Let $Z_i,$ $i=1,2,3,$ be independent standard Normal variables. Define
$$\begin{aligned}
X &= Z_1 + Z_2\\
Y &= Z_1 - Z_2\\
Z &= Z_3\operatorname{sgn}(Z_2Z_3).
\end{aligned}$$
Because $(X,Y)$ is a linear combination of the bivariate Normal variable $(Z_1,Z_2)$ it, too, is bivariate Normal and $X+Y=2Z_1$ has a Normal distribution.
$(2Z_1, Z_3)$ also has a bivariate Normal distribution. Multiplying its second component by $\operatorname{sgn}(Z_2Z_3)$ does not change that distribution (because it merely randomly changes the sign of $Z_3$ and the symmetry of $(2Z_1, Z_3)$ implies changing the sign of either component does not alter the distribution). Consequently $(X+Y, Z)$ has a bivariate Normal distribution.

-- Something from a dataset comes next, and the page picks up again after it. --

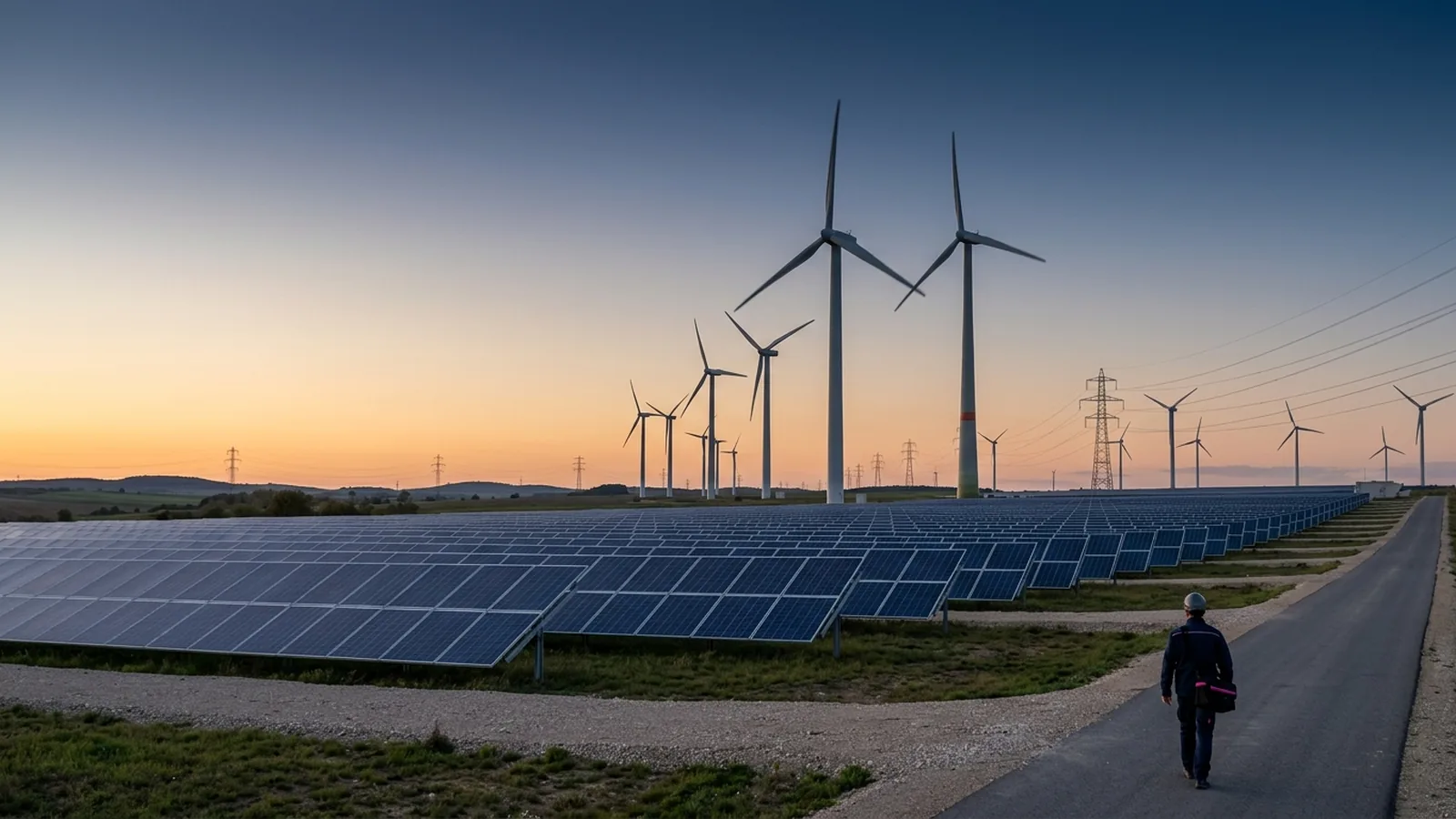 Painéis solares e turbinas eólicas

However, $(X,Y,Z)$ is not trivariate Normal. This becomes obvious when you realize it is the sum of $(Z_2, Z_3\operatorname{sgn}(Z_2Z_3))$ and the independently distributed Normal variable $(Z_1, 0).$ The former is clearly non-Normal--all its probability is concentrated in the first and third quadrants--and adding a Normal variable merely "smears out" this problematic behavior without curing it.
Here is a scatterplot matrix of 2,000 randomly generated draws to illustrate.
The question requires that the $X-Y$ plot be Normal as well as the $(X+Y)-Z$ plot. The obvious non-Normality of the $X-Z$ and $Y-Z$ plots demonstrates this is a counterexample.
This is a nice example of why it's rarely effective to limit exceptional behavior of probability distributions by barring "edge cases" such as degenerate versions of families of continuous distributions, provided the problematic behavior can survive even a tiny perturbation of the distribution.